Subject: Re: VOP_BMAP question
To: None <tech-kern@netbsd.org>
From: Juergen Hannken-Illjes <hannken@eis.cs.tu-bs.de>
List: tech-kern
Date: 12/23/2003 19:09:53
On Tue, Dec 23, 2003 at 09:55:37AM -0800, Bill Studenmund wrote:
> On Fri, Dec 19, 2003 at 10:13:22PM +0100, Juergen Hannken-Illjes wrote:
> > How does VOP_BMAP() handle fragments?
> >
> > Given a file with holes obtained from ftruncate(), what does VOP_BMAP()
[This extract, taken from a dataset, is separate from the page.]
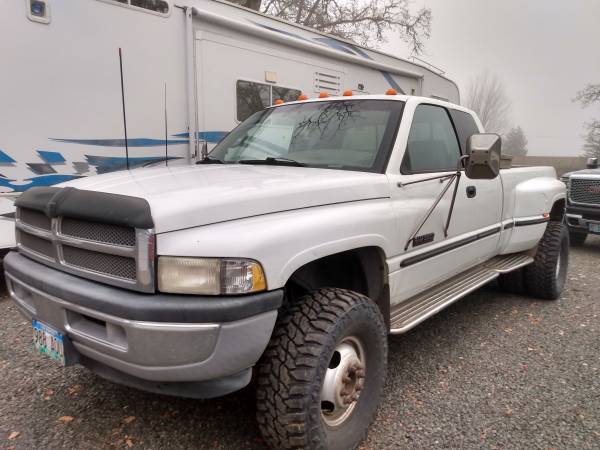 98 dodge cummins dually 4x4 - cars & trucks - by owner - vehicle... for sale in Shady Cove, OR – photo 2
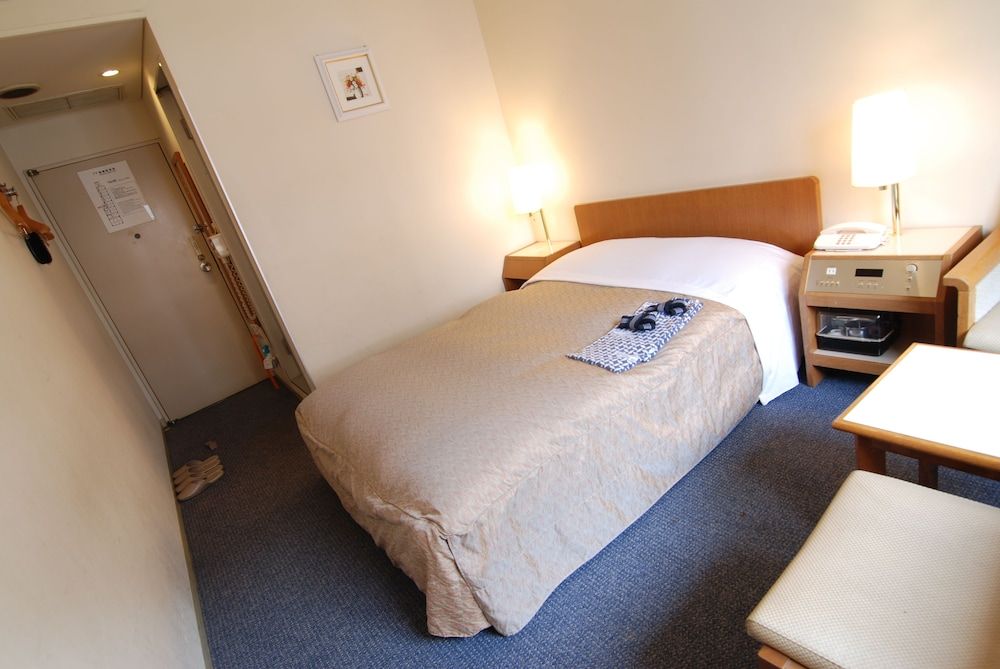 Double Room, Non Smoking (Bed width 140cm)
> > return in its argument "bnp" if it finds a fragment?
> >
> > Is it the block number of the fragment or will it return (daddr_t)-1?
> >
> > Is it always ok to write a full block to "bnp"?
>
> I think you've been bitten by an ffs ambiguity (since only ffs has
> "fragments").
>
> What ffs calls a fragment in its documentation (the 1k in an 8k/1k file
> system) is what the kernel internally calls a block. Since VOP_BMAP()
> deals with kernel things, a "fragment" is a block, so there is no problem.
So ufs_bmaparray() first sets "maxrun = MAXPHYS / mp->mnt_stat.f_iosize - 1"
which is "64k / 8k - 1 == 7" from example above. Then it computes "*runp" as
the number of 1k blocks (fragments) that are contiguous.
From sys/dev/vnd.c:
bsize = vnd->sc_vp->v_mount->mnt_stat.f_iosize;
...
error = VOP_BMAP(vnd->sc_vp, bn / bsize, &vp, &nbn, &nra);
...
sz = (1 + nra) * bsize;
This looks like it would run on "blocks" instead of "fragments".